New Audi Q7 confirmed as third-generation SUV nears reveal
02/06/2026
Audi has officially confirmed that a new third-generation Q7 is coming.
The new Q7 will continue a nameplate that started in 2005, when Audi entered the full-size premium SUV world with a car that quickly became one of its most important family models. But this time, there is a twist. The new Q7 is arriving just as Audi prepares the even larger Q9, which will become the true SUV flagship of the brand.
A new Q7 after more than a decade
Audi says the third-generation Q7 will build on more than 20 years of success, combining versatility, confidence and premium status. That is exactly what the Q7 has always been about. It was never the flashiest SUV in its class. It was never the loudest. But it became a default choice for buyers who wanted space, comfort, quattro confidence and a premium interior without necessarily shouting about it.
The next generation will need to modernise that formula. Audi promises a more sporty and powerful design, a highly versatile interior, first-class materials, user-centric technologies and a wide range of driving characteristics, from comfortable to dynamic.

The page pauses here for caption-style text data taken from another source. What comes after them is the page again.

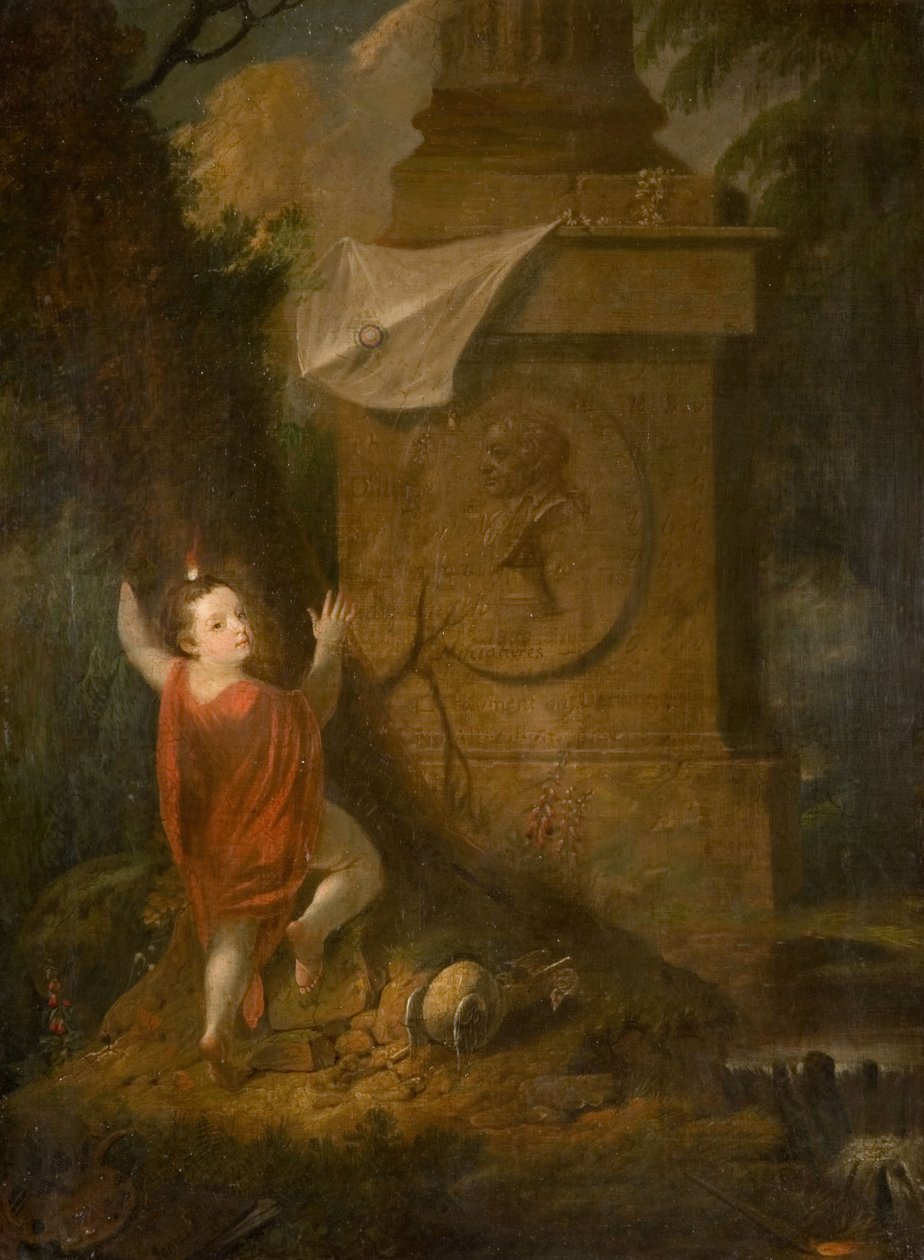 Konstnärsannons - Kerub med drake vid monumentet [odaterat]. av James Millar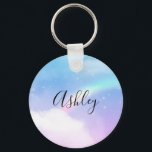 Chaveiro Nuvens de Pastel mágicas e arco-íris<br><div class="desc">Uma corrente chave com uma imagem de fundo suave e adorável. Azul pastel e nuvens cor-de-rosa com um arco-íris mágico.</div>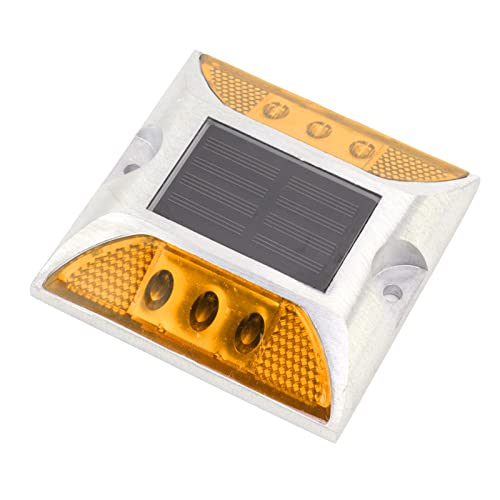 Greensen Solar -RICE -Licht Vermeiden Schwere Unfälle Weißes Licht 6 LED Solar Ground für Rasengarten Straßensicherheit Aluminiumdeck (YELLOW) von Greensen
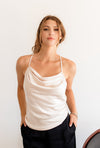 Keira Satin Cowl Neck Tank - Pearl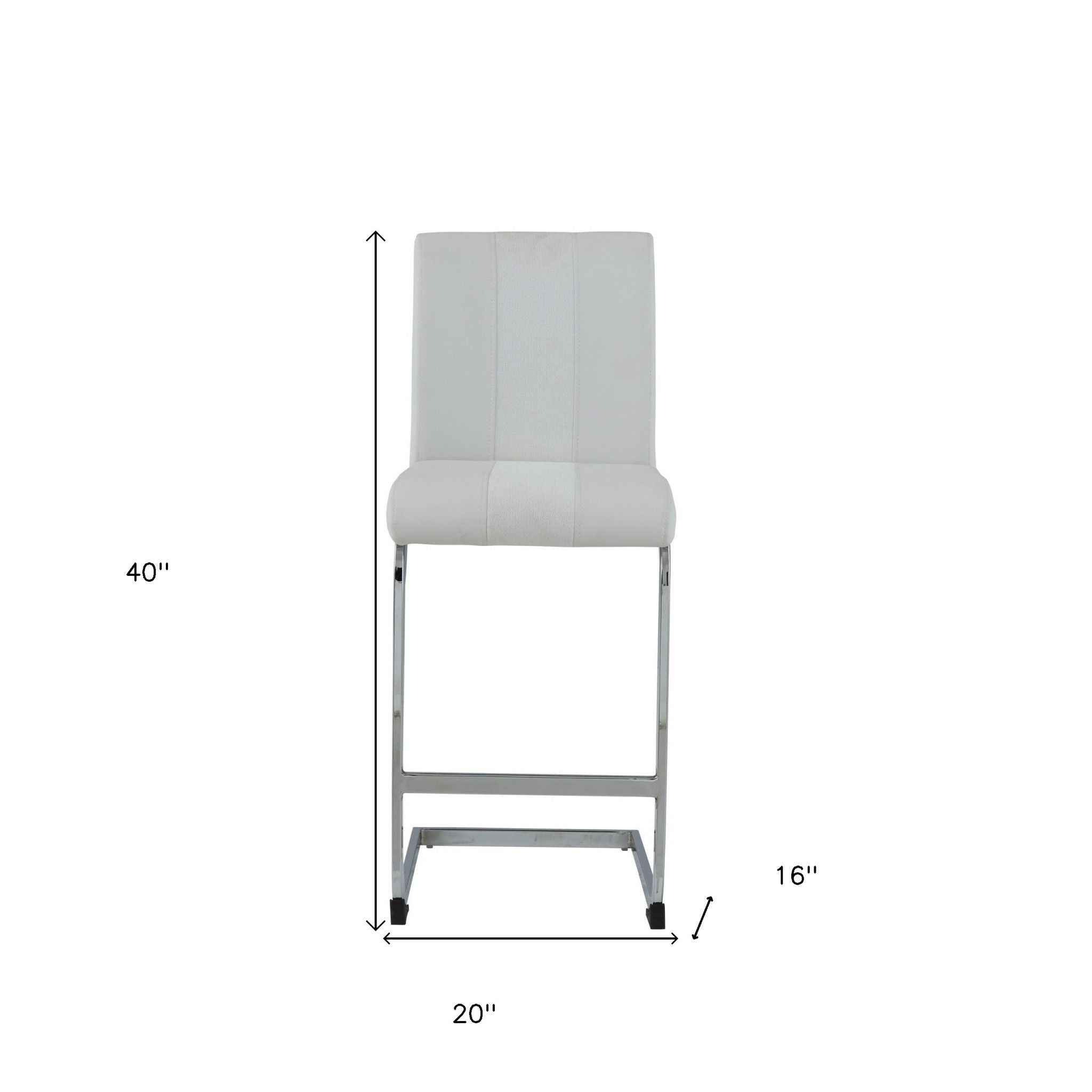 Metal Low Back Counter Height Bar Chairs (Set of 4) - White / Silver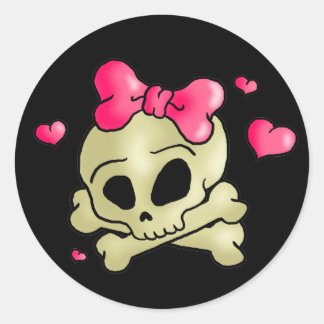  schedel ronde sticker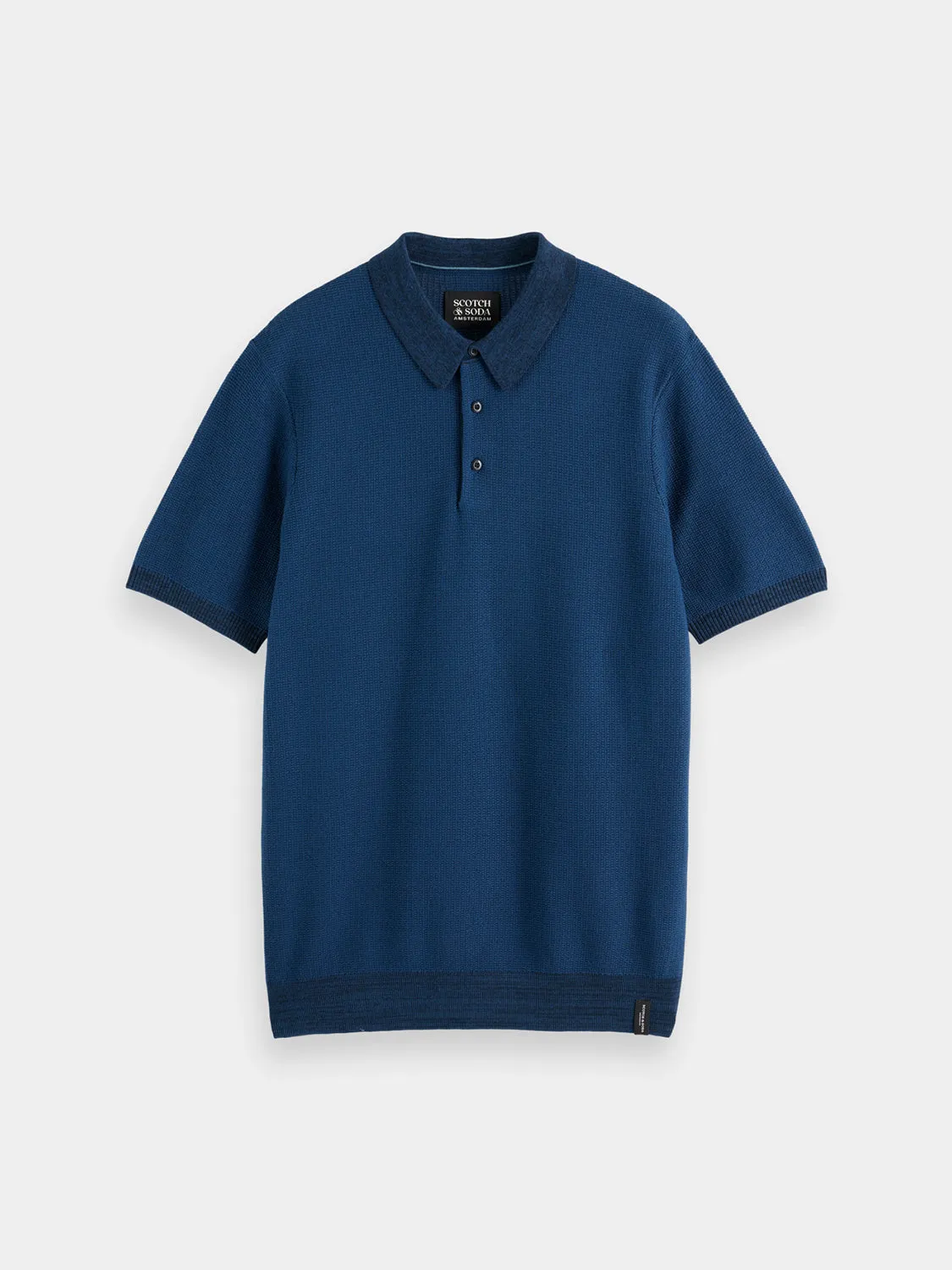 Structured knit polo sold by Scotch and Soda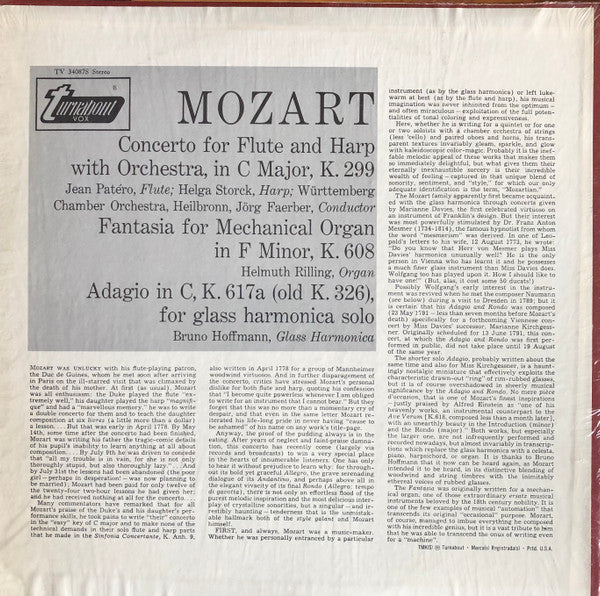 Wolfgang Amadeus Mozart, Jean Patero, Helga Storck, Helmuth Rilling, Bruno Hoffmann : Concerto For Flute And Harp, K. 299 / Fantasia For Mechanical Organ, K. 608 / Adagio For Glass Harmonica Solo, K. 617a (LP, Album)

First official glimpse: Alopias Blue and cleaner details
Audi’s first teaser does not reveal much, but it does give us a first look at the side of the SUV in a new colour called Alopias Blue Metallic. The details we can see are conservative but telling: conventional door handles, redesigned mirrors, chrome window trim, an S line badge and a clean character line through the doors.
In other words, Audi is not trying to turn the Q7 into a design experiment. That is probably smart. The Q7 customer usually does not want drama for the sake of drama. They want confidence, quality and presence. If the full design follows that logic, the new Q7 should look sharper without becoming desperate.
The Q9 changes the Q7’s position
The most interesting part is not the Q7 itself. It is the Q9. Audi has confirmed that the new Q7 will join the first-ever Q9, which is set to top the SUV line-up when it makes its world debut at the start of the second half of the year. That means the Q7 is no longer Audi’s biggest SUV statement.
The Q9 will likely become the brand’s more luxurious answer to models like the BMW X7 and Mercedes-Benz GLS, while the Q7 remains the more versatile, slightly more restrained seven-seat premium SUV. That could actually help the Q7. Instead of trying to be everything at once, it can focus on being the smart, practical and dynamic large Audi SUV.
AutoNext Take
The new Q7 is important for Audi. Not because it will be the biggest SUV in the range. That job is moving to the Q9. But because the Q7 is the one that still needs to make the most sense. It has to carry families, tow things, cross countries, feel premium, offer proper technology and still drive like an Audi. That is a more difficult task than simply being large and expensive.
The good news is that Audi knows this segment extremely well. The risk is that the new Q7 becomes too conservative at a time when the market is moving fast. Chinese EV brands are pushing technology. BMW is pushing presence. Mercedes is pushing luxury. Volvo is pushing safety and electrification.